TASK GOAL:
Return, unchanged and with no pictures, the lines below from the very first through the one that contains "Guest House On".

SUPPLIED ENTRIES:
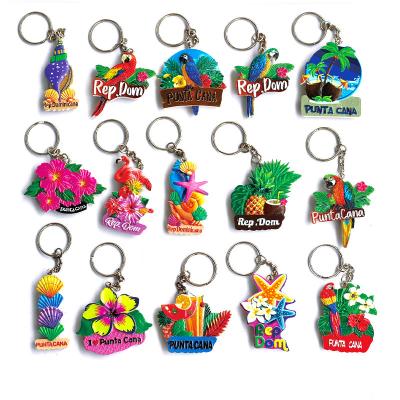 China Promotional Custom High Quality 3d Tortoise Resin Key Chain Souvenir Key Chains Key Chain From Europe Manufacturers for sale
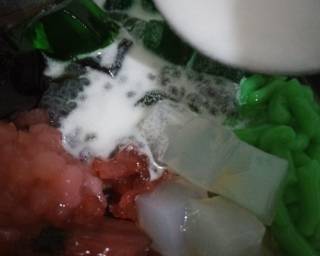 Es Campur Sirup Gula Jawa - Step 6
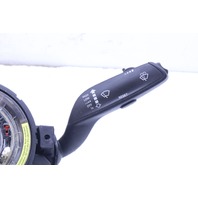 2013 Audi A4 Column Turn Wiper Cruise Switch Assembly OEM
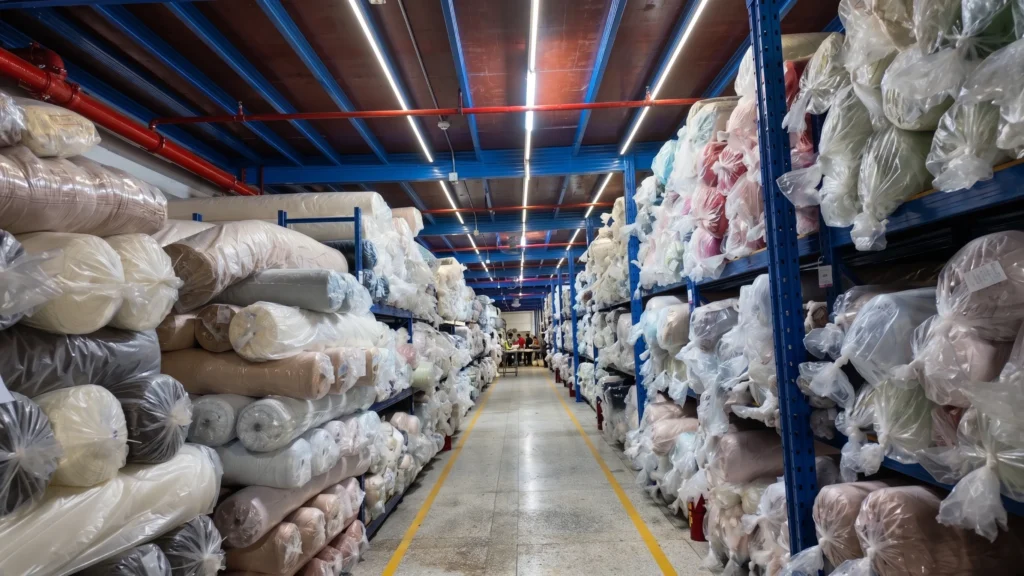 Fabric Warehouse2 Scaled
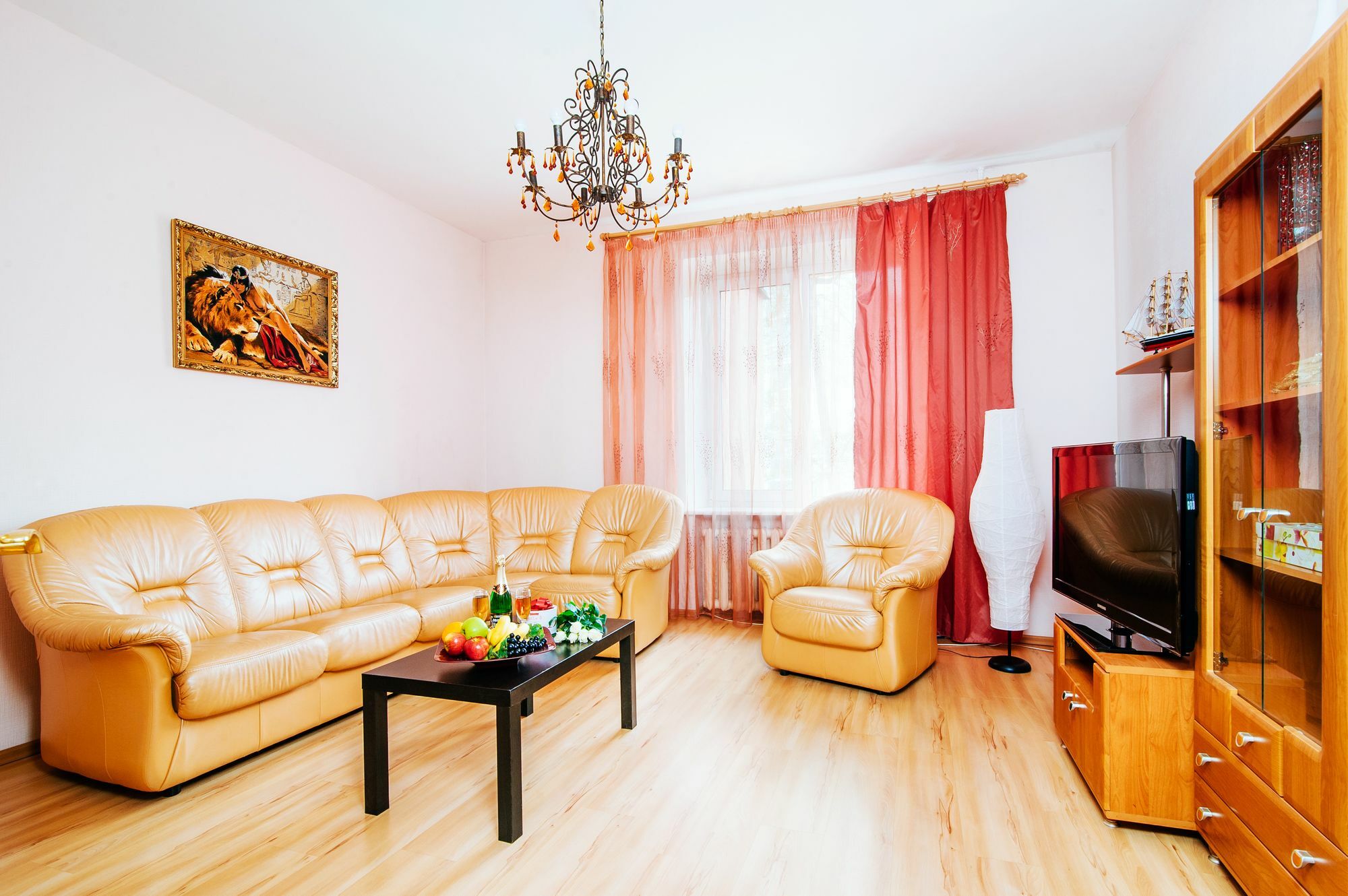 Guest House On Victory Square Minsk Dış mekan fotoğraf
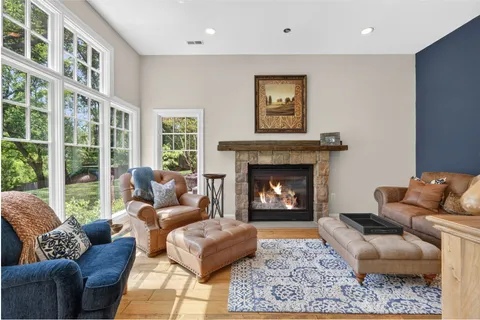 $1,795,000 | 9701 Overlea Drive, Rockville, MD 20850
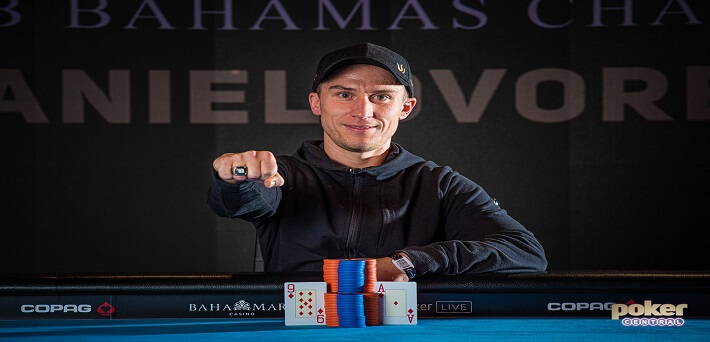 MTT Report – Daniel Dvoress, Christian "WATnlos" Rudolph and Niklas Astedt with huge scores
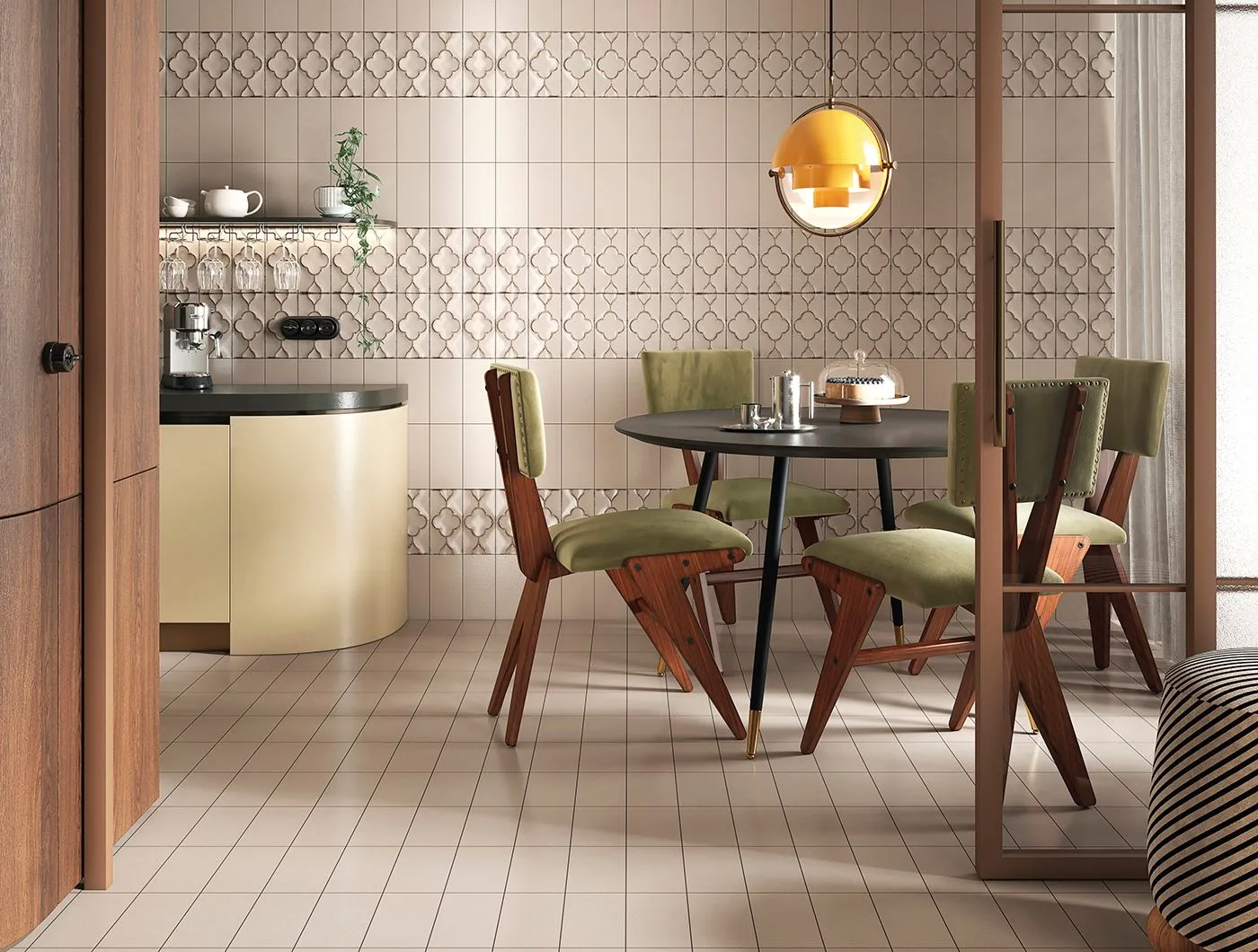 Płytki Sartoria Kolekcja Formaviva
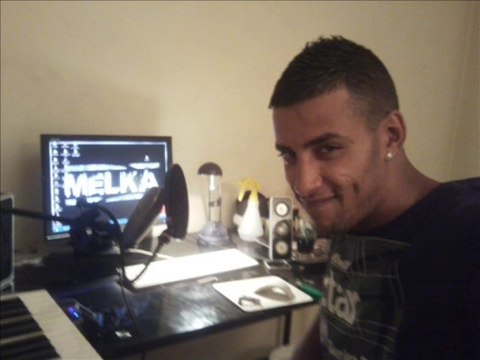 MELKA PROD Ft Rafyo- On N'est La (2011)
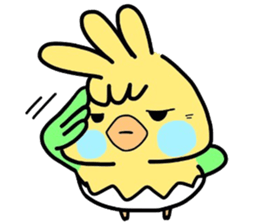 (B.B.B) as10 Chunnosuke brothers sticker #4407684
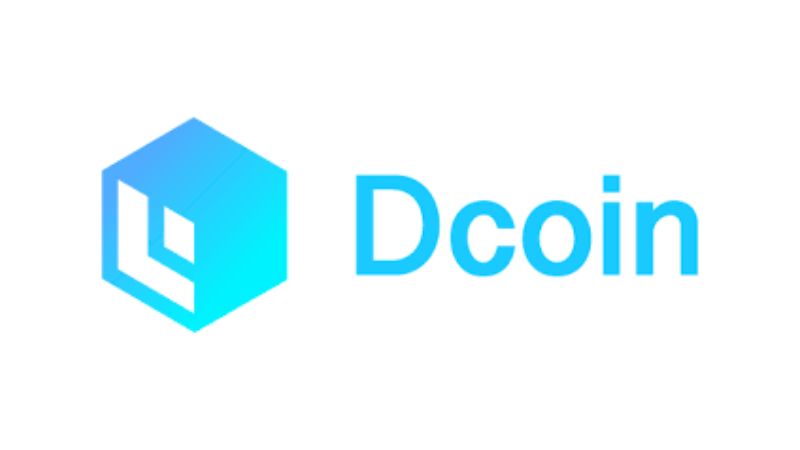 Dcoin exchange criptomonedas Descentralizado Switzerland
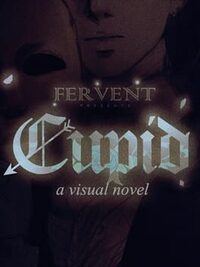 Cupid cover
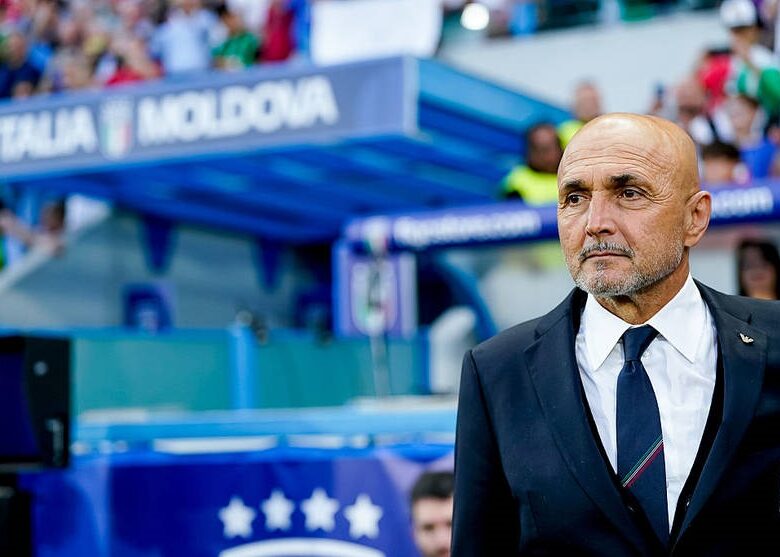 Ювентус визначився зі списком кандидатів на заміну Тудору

ANSWER BOX:
 China Promotional Custom High Quality 3d Tortoise Resin Key Chain Souvenir Key Chains Key Chain From Europe Manufacturers for sale
 Es Campur Sirup Gula Jawa - Step 6
 2013 Audi A4 Column Turn Wiper Cruise Switch Assembly OEM
 Fabric Warehouse2 Scaled
 Guest House On Victory Square Minsk Dış mekan fotoğraf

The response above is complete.